The Economist magazine has a long article, "Japan's technology champions," about the mid-sized highly specialized companies which dominate several manufacturing fields
link here. The prime example is the world's sole maker of the huge forged pressure vessels for nuclear power plants. But there are a host of others that number among the top two or three firms in their industry. All share a characteristic attention to rigorous quality standards.
While computers, for example, have become commodities, certain components are highly technical and hard to make, like the substrate in the fabrication of chips. The article notes that for these firms, the "technology is tacit, not formal. It cannot be transmitted by writing a manual or reading a patent application. Rather it accumulates by working with colleagues over many years. This poses a barrier to entry for rivals."
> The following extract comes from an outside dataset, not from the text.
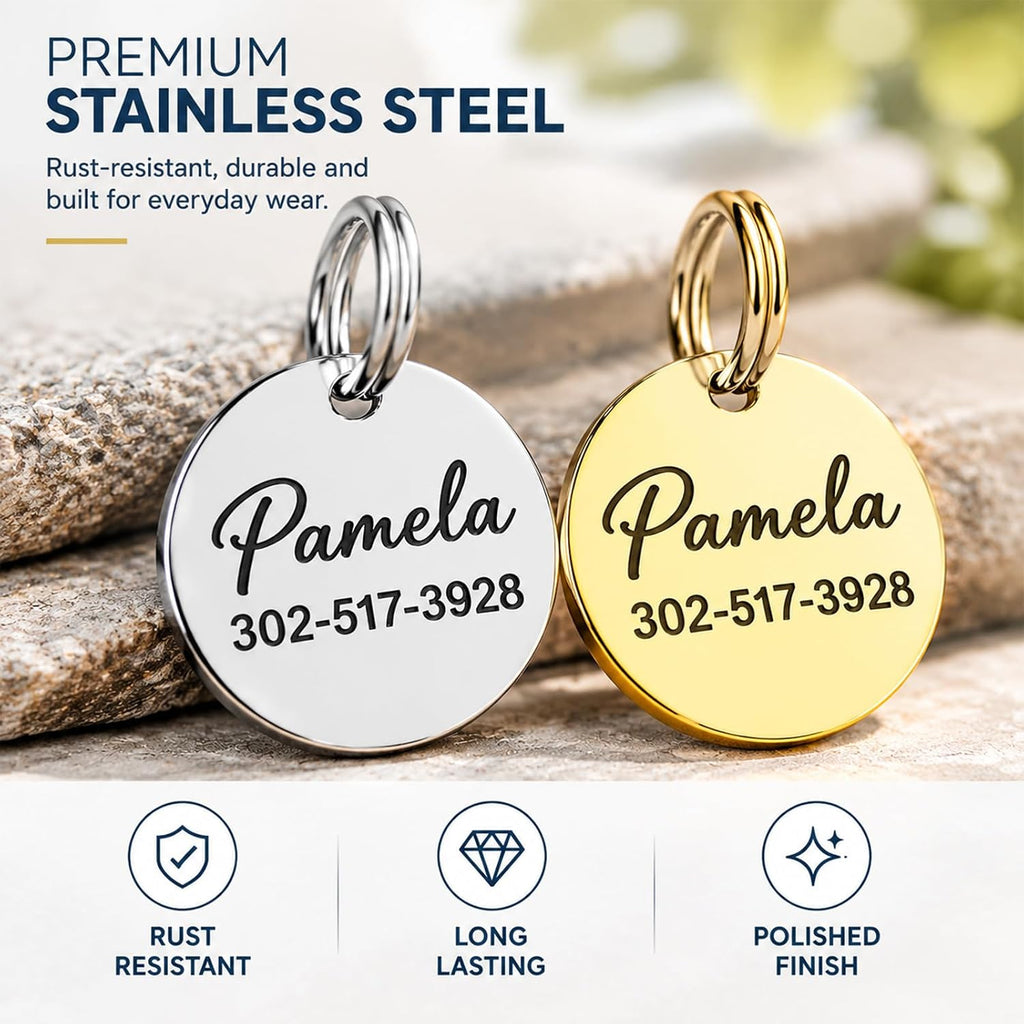 Pet ID Tags, Personalized Dog Tags and Cat Tags with Any Name and Number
Other features of these firms result, including their avoiding mergers based on the fact that the strength of the company lies in its current employees, their heavy spending on r & d, on keeping the core technology secret, on owning their supply chain, and even on manufacturing their own specialized tools.
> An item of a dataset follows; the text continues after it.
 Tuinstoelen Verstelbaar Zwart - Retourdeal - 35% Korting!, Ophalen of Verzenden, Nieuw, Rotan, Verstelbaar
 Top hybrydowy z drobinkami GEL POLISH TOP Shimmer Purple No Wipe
Here again, we see that technical progress is not the result of patents or copyrights, but from the tradition of innovation that put these firms at the top of their industries. This is particularly important as economies pass from the copying and catch-up phases that we see in the emerging industrial states. The next stage is developing the innovative technical skills on which rising incomes in leading economies like the US will depend.
The key some (or many) times is found in the details. Patents essentially/typically don't give away real details of value yet are allowed to be used to block off growth in that wider scope. The system rewards broadness and vagueness over details, as being as general as possible creates the largest subsidy for the patent holder.
If a detail is good, companies keep it secret. If it is bad or stands to gain them much leverage against competitors and customers through a patent, then it is patented.
Software patents in particular are ridiculous.
Also, trade secrets don't hurt other's ability to innovate freely, but patents do since they take away the rights of millions of people; thus, for starters, patents should provide society and those whose rights have been removed with MORE not less than what trade secrets provide.
Removing the existing rights of millions, for a long time (of one's career), frequently, in exchange for virtually nothing, can likely never be argued rationally to be a way to promote the progress of science and useful arts.
However, the overhead costs of the patent system does mean that competition is limited to those able to put up with that cost; thus, the patent system serves the ends of those that want power consolidated and competition limited and controlled. The cost of doing business just gets passed on to the consumer while control is preserved.
I really wish the individual consumer were better represented in [US] Congress. Although, it is certainly possible that the average citizen may simply not realize s/he could be having more for less through a downsizing of the USPTO and of the unconstitutional patent law.